LECLERCQ, CHRESTIEN, visiting missionary to the Micmac Indians; b. France, 1641; living in 1700.

Chrestien Leclercq, who it is thought to have been born at Bapaume (Pas-de-Calais), France, joined the Recollet order of priests in 1668. In 1675 he was appointed to the missions of Canada and assigned to work with the Micmac Indians on the Gaspé coast.

Leclercq quickly learned the Micmac language and developed a system of hieroglyphics which, in its original and revised versions, would be used by the Micmacs for written communication for more than 200 years. In 1677 he visited the different bands in the region. He was mystified by the fact that the Miramichi Indians carried the cross next to their skin on their clothing, and he referred to them as the "Porte-Croix," or cross-bearing Indians. Emmanuel Jumeau, his assistant on the tour, gathered data which he later used to make a map of the Miramichi River.

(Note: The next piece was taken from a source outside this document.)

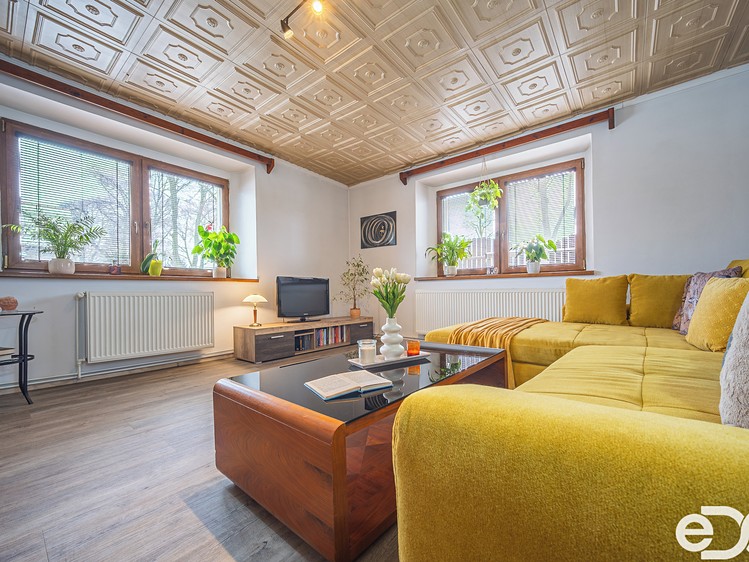 Prodej rodinného domu 171 m², pozemek 1 515 m² - foto 8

Mount Leclercq, in the Missionaries Range near the northern boundary of Northumberland County, was named for Leclercq, and Mount Jumeau, east of Nictau Lake, for his companion. Leclercq went back to France in 1687 and became superior of the monastery at Lens. In 1691 he published two books: Nouvelle Relation de la Gaspésie, and Premier Établissement de la Foy dans la Nouvelle-France.